TANGERANG – Satuan Polisi Pamong Praja (Satpol PP) Kota Tangerang Selatan (Tangsel) mengendus adanya dugaan pemalsuan dokumen negara terkait izin peredaran minuman keras (miras). Temuan ini terungkap setelah personel gabungan menggelar operasi penegakan Peraturan Daerah (Perda) di sejumlah titik pada Rabu lalu.(20/05/2026)


​Yogi Penyidik Pegawai Negeri Sipil (PPNS) Satpol PP Kota Tangerang Selatan mengungkapkan bahwa operasi gabungan yang melibatkan unsur Denpom dan Polres tersebut menyisir dua lokasi utama.

​Pada titik pertama di kawasan Ruko Golden Boulevard, tim gabungan merazia sebuah tempat pijat (massage). Di lokasi tersebut, petugas menemukan bukti kuat adanya aktivitas prostitusi terselubung.


​"Kami temukan barang bukti juga, makanya langsung kami sidangkan. Tempat tersebut langsung kami tutup dan kami segel saat itu juga," ujar Yogi.


​Operasi kemudian dilanjutkan ke daerah Bintaro setelah petugas menerima laporan masyarakat mengenai sebuah tempat biliar yang menjual miras di kafenya. Di lokasi kedua ini petugas mengamankan ratusan botol miras golongan A.

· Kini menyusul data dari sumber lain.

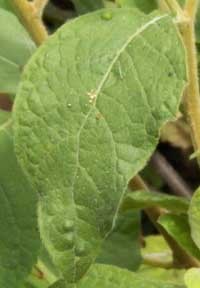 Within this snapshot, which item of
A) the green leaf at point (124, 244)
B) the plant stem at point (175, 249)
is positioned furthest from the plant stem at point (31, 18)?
Result: the green leaf at point (124, 244)

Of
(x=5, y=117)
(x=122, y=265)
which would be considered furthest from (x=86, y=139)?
(x=122, y=265)

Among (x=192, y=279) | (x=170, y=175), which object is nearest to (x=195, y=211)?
(x=192, y=279)

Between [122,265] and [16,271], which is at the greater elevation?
[16,271]

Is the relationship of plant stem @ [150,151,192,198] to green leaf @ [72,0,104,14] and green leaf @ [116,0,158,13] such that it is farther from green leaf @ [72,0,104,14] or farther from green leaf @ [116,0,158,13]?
green leaf @ [116,0,158,13]

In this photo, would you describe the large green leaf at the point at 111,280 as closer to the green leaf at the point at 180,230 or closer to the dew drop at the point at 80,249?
the green leaf at the point at 180,230

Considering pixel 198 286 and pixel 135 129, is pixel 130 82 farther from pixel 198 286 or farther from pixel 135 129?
pixel 198 286

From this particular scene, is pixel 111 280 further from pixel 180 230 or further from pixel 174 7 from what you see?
pixel 174 7

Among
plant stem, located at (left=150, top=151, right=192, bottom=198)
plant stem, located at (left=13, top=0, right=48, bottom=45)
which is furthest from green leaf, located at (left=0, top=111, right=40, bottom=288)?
plant stem, located at (left=150, top=151, right=192, bottom=198) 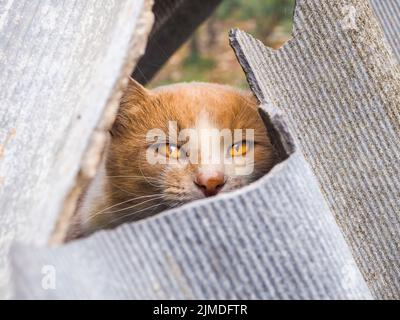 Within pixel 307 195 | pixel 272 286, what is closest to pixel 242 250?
pixel 272 286

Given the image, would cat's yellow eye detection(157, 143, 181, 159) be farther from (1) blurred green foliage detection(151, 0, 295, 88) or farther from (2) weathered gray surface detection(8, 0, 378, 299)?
(1) blurred green foliage detection(151, 0, 295, 88)

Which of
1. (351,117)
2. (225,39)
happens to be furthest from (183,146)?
(225,39)

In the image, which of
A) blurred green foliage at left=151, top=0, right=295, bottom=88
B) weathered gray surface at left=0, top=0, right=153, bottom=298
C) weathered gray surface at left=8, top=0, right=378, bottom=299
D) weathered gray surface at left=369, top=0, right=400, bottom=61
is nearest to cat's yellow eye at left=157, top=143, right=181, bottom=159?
weathered gray surface at left=0, top=0, right=153, bottom=298

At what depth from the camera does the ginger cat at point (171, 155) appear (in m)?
1.95

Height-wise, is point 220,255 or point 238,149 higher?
point 238,149

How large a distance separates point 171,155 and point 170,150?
2 centimetres

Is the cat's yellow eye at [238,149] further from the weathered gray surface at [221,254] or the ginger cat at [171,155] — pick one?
the weathered gray surface at [221,254]

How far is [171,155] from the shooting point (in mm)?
2045

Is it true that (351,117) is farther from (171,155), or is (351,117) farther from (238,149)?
(171,155)

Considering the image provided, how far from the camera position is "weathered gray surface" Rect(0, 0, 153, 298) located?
1.16m

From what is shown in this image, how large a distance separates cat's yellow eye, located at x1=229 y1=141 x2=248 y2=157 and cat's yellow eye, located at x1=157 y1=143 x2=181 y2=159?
183 millimetres

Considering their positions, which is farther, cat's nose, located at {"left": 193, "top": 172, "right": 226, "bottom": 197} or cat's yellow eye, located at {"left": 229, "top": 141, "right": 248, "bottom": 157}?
cat's yellow eye, located at {"left": 229, "top": 141, "right": 248, "bottom": 157}

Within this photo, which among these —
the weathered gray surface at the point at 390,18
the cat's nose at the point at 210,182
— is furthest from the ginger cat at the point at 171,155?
the weathered gray surface at the point at 390,18

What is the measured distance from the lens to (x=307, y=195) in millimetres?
1287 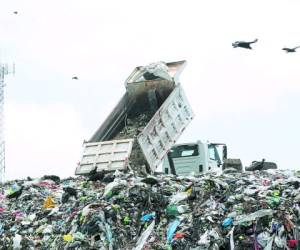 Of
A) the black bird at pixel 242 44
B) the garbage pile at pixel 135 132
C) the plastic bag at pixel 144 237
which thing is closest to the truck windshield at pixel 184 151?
the garbage pile at pixel 135 132

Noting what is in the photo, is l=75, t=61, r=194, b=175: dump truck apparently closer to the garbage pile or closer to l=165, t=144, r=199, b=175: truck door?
the garbage pile

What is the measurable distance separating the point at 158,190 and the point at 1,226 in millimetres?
2404

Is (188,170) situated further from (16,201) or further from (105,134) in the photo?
(16,201)

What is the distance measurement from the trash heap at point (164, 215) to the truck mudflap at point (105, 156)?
2.45ft

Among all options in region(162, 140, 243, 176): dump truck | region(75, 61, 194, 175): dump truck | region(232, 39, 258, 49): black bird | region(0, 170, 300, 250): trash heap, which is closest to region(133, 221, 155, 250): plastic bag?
region(0, 170, 300, 250): trash heap

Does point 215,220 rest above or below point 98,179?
below

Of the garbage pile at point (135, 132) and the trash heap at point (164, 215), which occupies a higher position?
the garbage pile at point (135, 132)

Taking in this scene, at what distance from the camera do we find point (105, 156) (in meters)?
11.9

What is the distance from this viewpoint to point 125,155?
11.6 m

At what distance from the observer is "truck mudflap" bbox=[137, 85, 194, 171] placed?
11.8m

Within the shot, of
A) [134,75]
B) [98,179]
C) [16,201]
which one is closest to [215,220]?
[98,179]

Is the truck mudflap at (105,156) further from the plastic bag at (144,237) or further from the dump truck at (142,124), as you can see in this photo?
the plastic bag at (144,237)

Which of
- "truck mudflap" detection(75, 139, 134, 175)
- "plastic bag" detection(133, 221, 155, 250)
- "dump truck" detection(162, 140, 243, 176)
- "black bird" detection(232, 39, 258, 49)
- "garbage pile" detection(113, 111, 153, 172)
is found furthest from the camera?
"dump truck" detection(162, 140, 243, 176)

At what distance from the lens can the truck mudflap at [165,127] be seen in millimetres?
11752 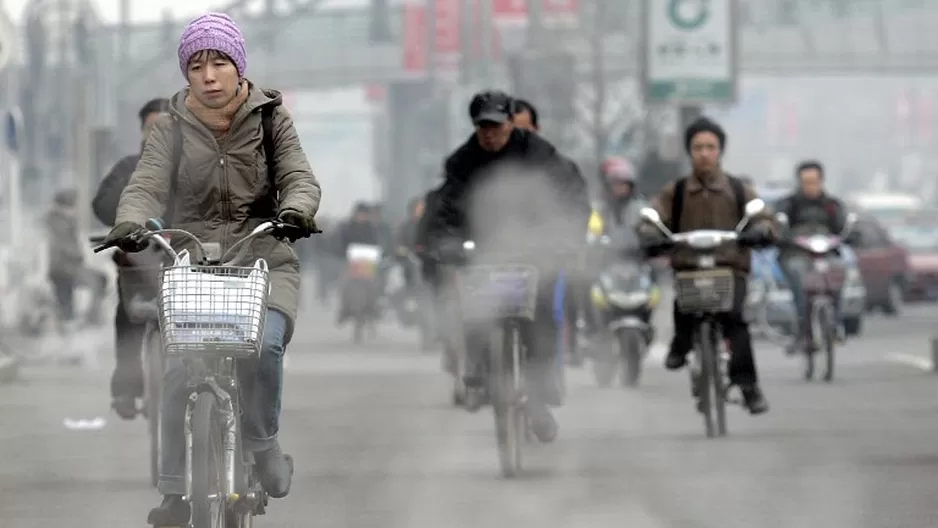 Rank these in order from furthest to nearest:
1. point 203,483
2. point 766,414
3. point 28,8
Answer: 1. point 28,8
2. point 766,414
3. point 203,483

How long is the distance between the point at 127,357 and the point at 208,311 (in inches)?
207

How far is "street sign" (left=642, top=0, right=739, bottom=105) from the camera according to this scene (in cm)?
2483

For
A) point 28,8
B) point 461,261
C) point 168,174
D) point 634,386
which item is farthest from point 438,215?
point 28,8

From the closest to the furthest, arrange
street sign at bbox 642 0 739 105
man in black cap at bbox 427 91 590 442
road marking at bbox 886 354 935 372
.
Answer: man in black cap at bbox 427 91 590 442 < road marking at bbox 886 354 935 372 < street sign at bbox 642 0 739 105

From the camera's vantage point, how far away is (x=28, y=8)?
46719 millimetres

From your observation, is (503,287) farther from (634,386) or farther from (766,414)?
(634,386)

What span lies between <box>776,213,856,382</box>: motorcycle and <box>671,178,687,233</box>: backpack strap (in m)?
5.07

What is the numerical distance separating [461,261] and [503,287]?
395 mm

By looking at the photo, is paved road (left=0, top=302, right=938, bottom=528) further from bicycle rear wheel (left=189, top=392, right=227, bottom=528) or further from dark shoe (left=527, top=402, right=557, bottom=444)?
bicycle rear wheel (left=189, top=392, right=227, bottom=528)

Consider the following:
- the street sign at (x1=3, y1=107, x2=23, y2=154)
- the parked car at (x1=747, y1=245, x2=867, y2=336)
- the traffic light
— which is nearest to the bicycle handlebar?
the street sign at (x1=3, y1=107, x2=23, y2=154)

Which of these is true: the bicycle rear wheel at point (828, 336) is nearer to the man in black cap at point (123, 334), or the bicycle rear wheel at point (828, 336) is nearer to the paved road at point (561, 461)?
the paved road at point (561, 461)

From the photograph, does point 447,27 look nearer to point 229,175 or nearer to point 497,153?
point 497,153

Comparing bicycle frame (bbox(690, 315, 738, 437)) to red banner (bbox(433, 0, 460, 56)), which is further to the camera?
red banner (bbox(433, 0, 460, 56))

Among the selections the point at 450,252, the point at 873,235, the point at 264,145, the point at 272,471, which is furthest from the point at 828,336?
the point at 873,235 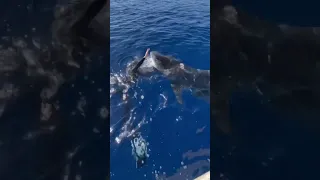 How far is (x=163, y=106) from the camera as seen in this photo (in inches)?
419

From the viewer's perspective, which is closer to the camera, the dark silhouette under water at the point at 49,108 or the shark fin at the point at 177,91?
the dark silhouette under water at the point at 49,108

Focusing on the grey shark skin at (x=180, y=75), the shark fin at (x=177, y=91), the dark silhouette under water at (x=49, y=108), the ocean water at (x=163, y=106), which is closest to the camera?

"Kami mendapatkan sebanyak kurang lebih 281 botol miras di Hidra Biliar di jl.Jombang Raya Bintaro Kecamatan Pondok Aren Tangsel,"jelas Yogi.Jum'at (22/05/2026)


​Saat penindakan, pihak pengelola berdalih memiliki izin Surat Keterangan Penjual Langsung Golongan A (SKPL- A) yang diterbitkan melalui sistem Online Single Submission (OSS). Namun, petugas tetap melakukan penyitaan dan menahan KTP penanggung jawab untuk proses sidang tindak pidana ringan (tipiring) pada hari Kamis.

Dokumen yang diduga Palsu


​Dalam persidangan, pihak pemilik tetap bersikeras bahwa izin mereka legal, hingga akhirnya hakim memutus bebas denda karena belum adanya tim ahli yang bisa membuktikan kepalsuan dokumen tersebut di persidangan.


​Tidak tinggal diam, Satpol PP Tangsel langsung melakukan penyelidikan mendalam dan berkoordinasi dengan Dinas Perindustrian dan Perdagangan (Disperindag) serta Dinas Penanaman Modal dan Pelayanan Terpadu Satu Pintu (DPMPTSP) Kota Tangsel.


​Hasil pengecekan sistem menunjukkan sejumlah kejanggalan fatal Secara sistem, Pemkot Tangsel tidak pernah mengeluarkan rekomendasi apa pun untuk alkohol dan aksesnya telah diblokir.Saat Nomor Induk Berusaha (NIB) ditarik dari sistem, Klasifikasi Baku Lapangan Usaha Indonesia (KBLI) restoran untuk tempat biliar tersebut belum terdaftar di alamat Tangsel, melainkan masih menggunakan alamat di wilayah Jakarta.


​Dengan bukti-bukti tersebut, Satpol PP Tangsel menduga kuat adanya pemalsuan dokumen negara berupa izin SKPL-A yang mencatut nama Kementerian.

​Menyikapi putusan sidang dan temuan bukti baru ini, Satpol PP Tangsel menegaskan akan terus berjuang menegakkan aturan dan tidak akan membiarkan tindakan yang mencoreng institusi negara tersebut.


​Satpol PP telah mengumpulkan dokumen pembanding, termasuk mengambil sampel SKPL A resmi dari OSS dan bukti tangkapan layar dari PTSP sebagai alat bukti. Pihak Satpol PP juga telah berkoordinasi dengan Polres Tangerang Selatan untuk mengambil langkah hukum pidana.


​"Kami sudah berkoordinasi dengan Polres Tangsel. Pihak Polres menyarankan untuk dilakukan bedah perkara terlebih dahulu di mapolres. Langkah ini diambil agar arah laporan dan penindakan terkait dugaan pemalsuan dokumen ini menjadi lebih rapi, terarah, dan berkekuatan hukum tetap," pungkasnya.